→ **What is expected**
The required output is the line containing "Anneliese | Pullover mit Wasserfallkragen" followed by every line after it to the end of the listing, each written out exactly.

→ **Information supplied**
============================================================

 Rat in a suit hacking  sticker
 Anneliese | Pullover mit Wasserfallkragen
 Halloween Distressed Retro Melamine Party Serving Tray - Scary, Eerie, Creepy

============================================================

→ **Answer to the exercise**
 Anneliese | Pullover mit Wasserfallkragen
 Halloween Distressed Retro Melamine Party Serving Tray - Scary, Eerie, Creepy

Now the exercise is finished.